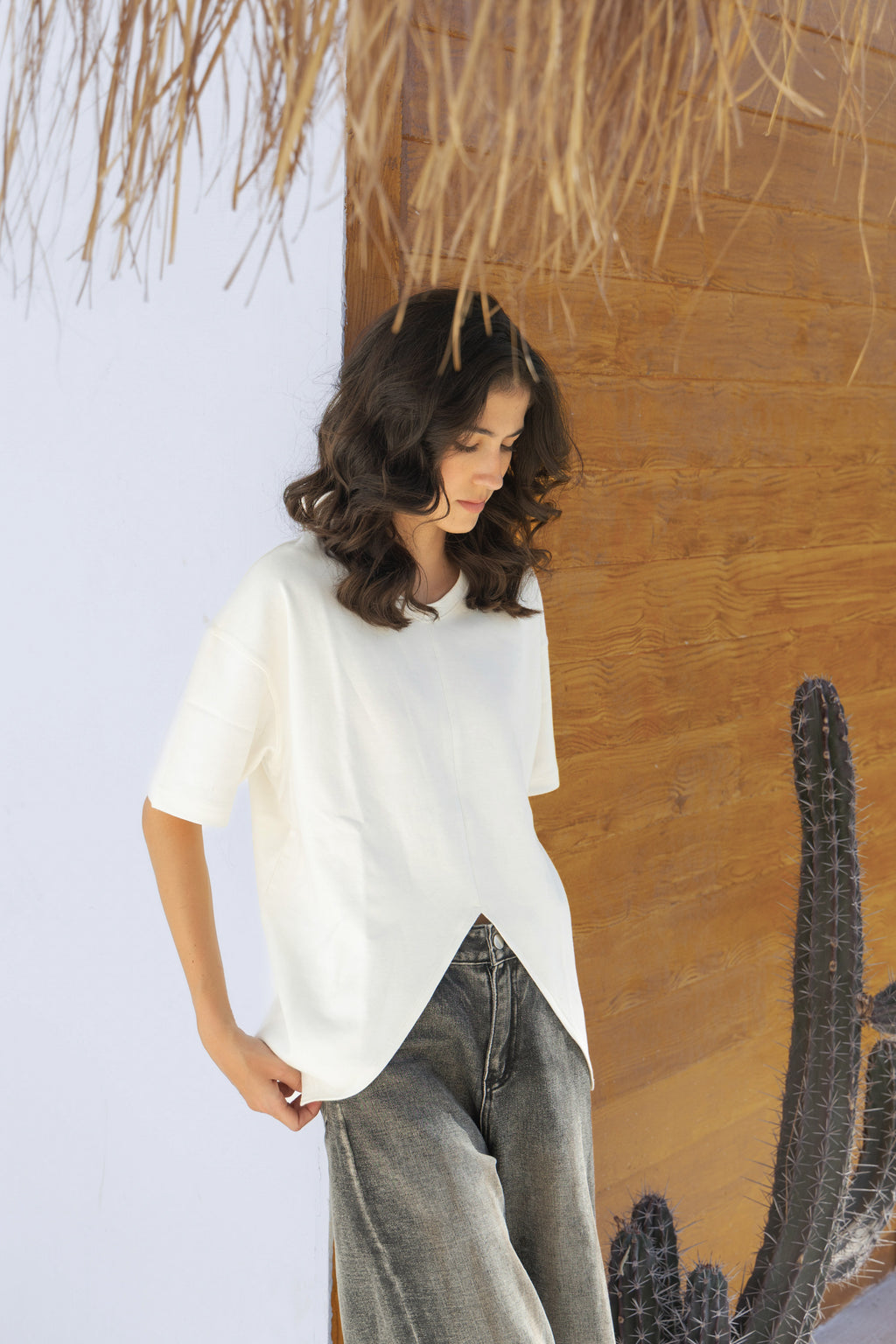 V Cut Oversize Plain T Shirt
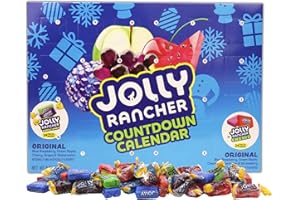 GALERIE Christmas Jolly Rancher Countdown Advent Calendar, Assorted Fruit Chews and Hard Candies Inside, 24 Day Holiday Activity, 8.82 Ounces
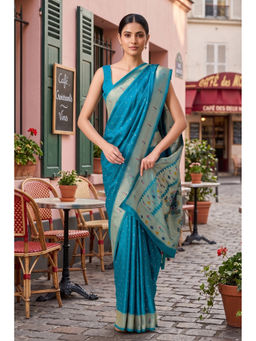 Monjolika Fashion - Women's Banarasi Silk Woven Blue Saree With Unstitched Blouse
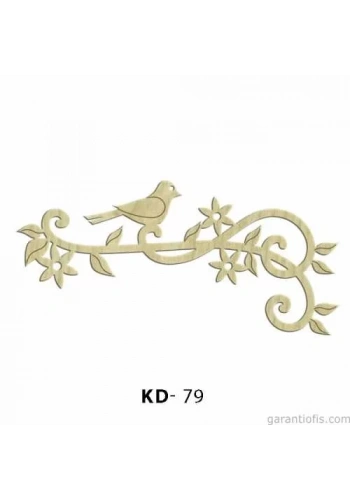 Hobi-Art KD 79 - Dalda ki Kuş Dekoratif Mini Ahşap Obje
------------------------------------------------
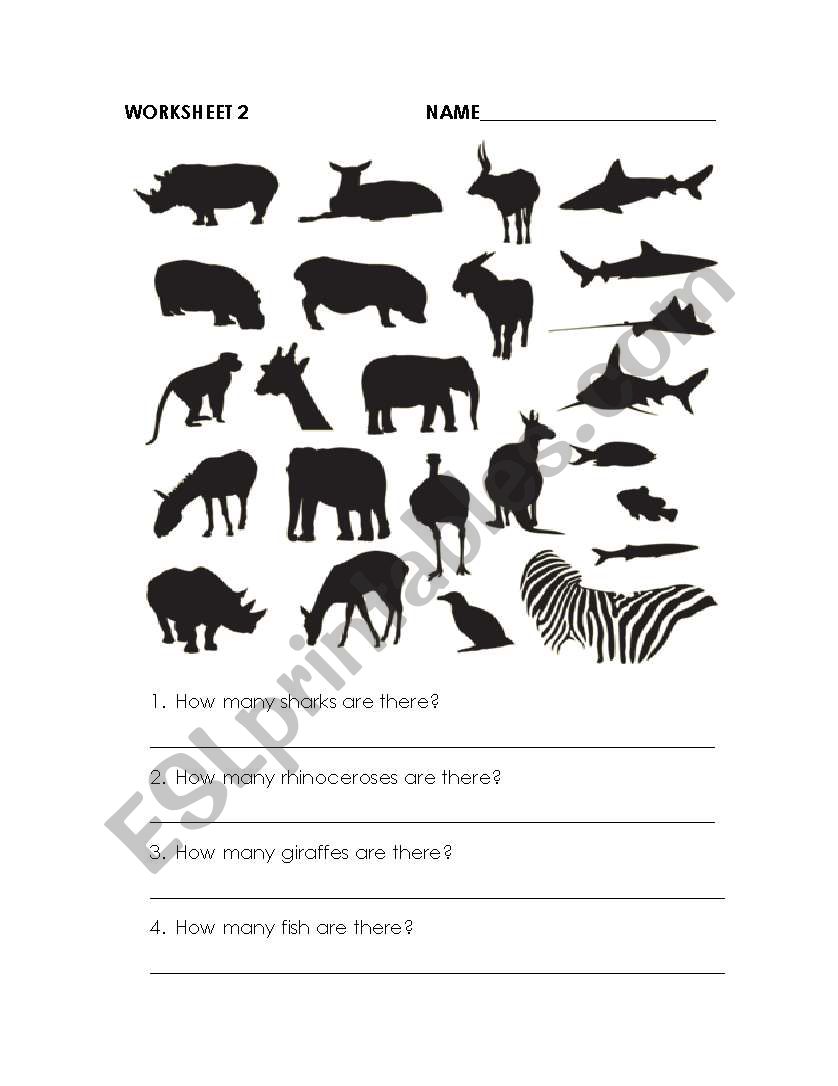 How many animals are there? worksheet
------------------------------------------------
Using the data above, return the lines from the one holding "Monjolika Fashion - Women's" through the one holding "Hobi-Art KD 79" exactly, but not the pictures.

 Monjolika Fashion - Women's Banarasi Silk Woven Blue Saree With Unstitched Blouse
 Hobi-Art KD 79 - Dalda ki Kuş Dekoratif Mini Ahşap Obje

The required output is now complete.